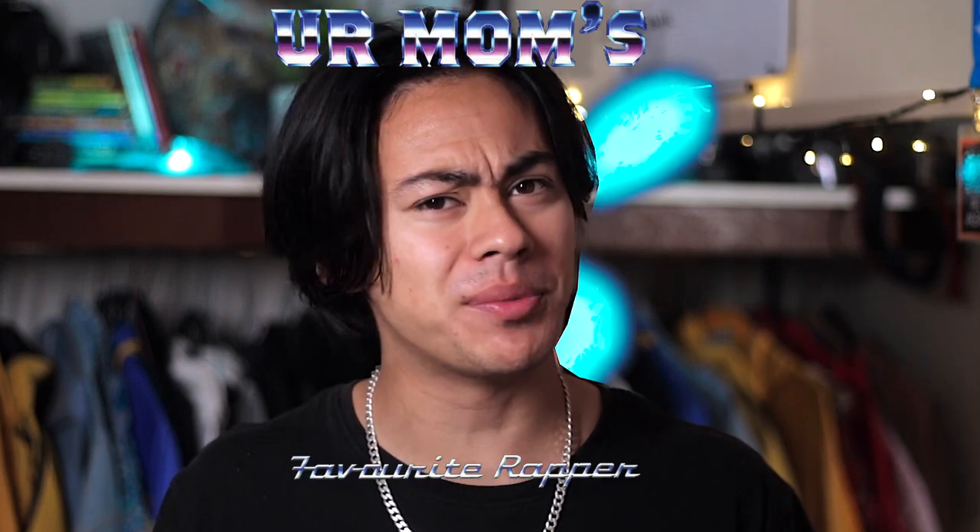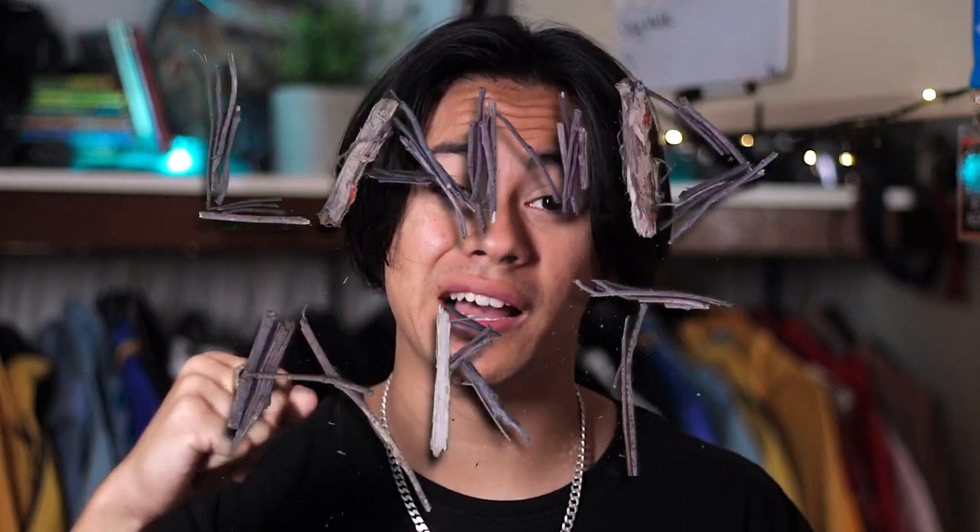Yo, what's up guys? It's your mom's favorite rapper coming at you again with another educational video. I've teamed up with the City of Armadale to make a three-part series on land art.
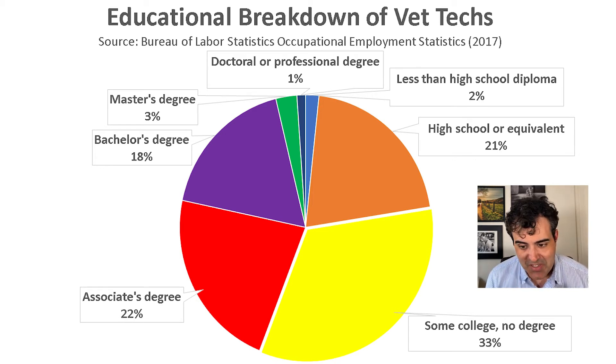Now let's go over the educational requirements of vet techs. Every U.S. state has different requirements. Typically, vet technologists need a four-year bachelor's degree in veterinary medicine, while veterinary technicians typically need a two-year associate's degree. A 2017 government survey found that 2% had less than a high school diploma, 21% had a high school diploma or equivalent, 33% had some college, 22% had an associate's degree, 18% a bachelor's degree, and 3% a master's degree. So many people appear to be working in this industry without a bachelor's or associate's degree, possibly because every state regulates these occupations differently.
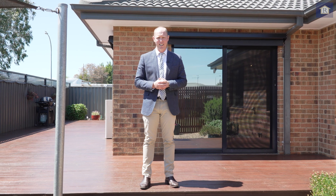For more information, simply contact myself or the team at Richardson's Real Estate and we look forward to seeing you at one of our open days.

Requirement
Your answer should be every line above, written out exactly, with no pictures.

Solution to this exercise
Yo, what's up guys? It's your mom's favorite rapper coming at you again with another educational video. I've teamed up with the City of Armadale to make a three-part series on land art.
Now let's go over the educational requirements of vet techs. Every U.S. state has different requirements. Typically, vet technologists need a four-year bachelor's degree in veterinary medicine, while veterinary technicians typically need a two-year associate's degree. A 2017 government survey found that 2% had less than a high school diploma, 21% had a high school diploma or equivalent, 33% had some college, 22% had an associate's degree, 18% a bachelor's degree, and 3% a master's degree. So many people appear to be working in this industry without a bachelor's or associate's degree, possibly because every state regulates these occupations differently.
For more information, simply contact myself or the team at Richardson's Real Estate and we look forward to seeing you at one of our open days.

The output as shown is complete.